Execution barrier is the most lazy and useless clueless design decision in the world.

Hm, i have an 8-2 matchup with this character, better make that character need to solve 3rd degree equations before you press any move, that would balance it.

Since in the pro scene there will ALWAYS be a skynet t1000 pro player able to input everything (see kof, setsuka, alpha pat players, instant airs blablablabla) you will ALWAYS be destroyed by that top tier character nonetheless.

Ah he has difficult inputs it's ok that he could mop me 10-0. So when a guy comes that can do the inputs, what do you do? Get mopped 10-0. That's not the solution, never was.

This is only a request that mediocre players want to be a big fish in a small pond, playing with casuals and having a good ranked record because 90% of the people won't invest in learning the execution.

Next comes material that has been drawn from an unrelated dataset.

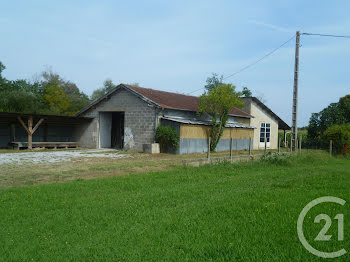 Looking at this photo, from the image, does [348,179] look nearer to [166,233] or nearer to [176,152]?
[166,233]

Horrendous topic, it should die in the seven fires of hell along with the execution barrier concept.

 
Again I disagree and this has not been true for a long time in the fighting game community.

just watch this. tell me... if everyone could move like fchamp and it was easy to do... It blows my mind that people actually think like you! you millennials want everything easy! f'ing work for it! god damn kids get off my porch.

What the fuck are you saying? You need to chill out. I have no problem with high execution. It can't just be arbitrarily added. Movement in games like MvC Tekken and Melee were discovered accidentally and added extra depth to already solid gameplay. And the fact is, anybody can move like Fchamp if they put in the time. It's the other qualities that make him a great player.
 
i think im literally going to just start responding with hype top 8 matches of games that required investment and had depth. it makes me sad to think people actually think execution shouldn't matter. go play chess then.
Somehow I just realized you're a troll. Good day, Sir.
 

M.D.

Spammer. Crouch walk hater.
I don't even need to do analogies, just watch Killer Instinct. It's the hands down BEST game on the execution concept. It's so braindead and easy to do huge combos and anything in that game, and yet, pro players are still pro players, there are no casuals beating them. Why is that?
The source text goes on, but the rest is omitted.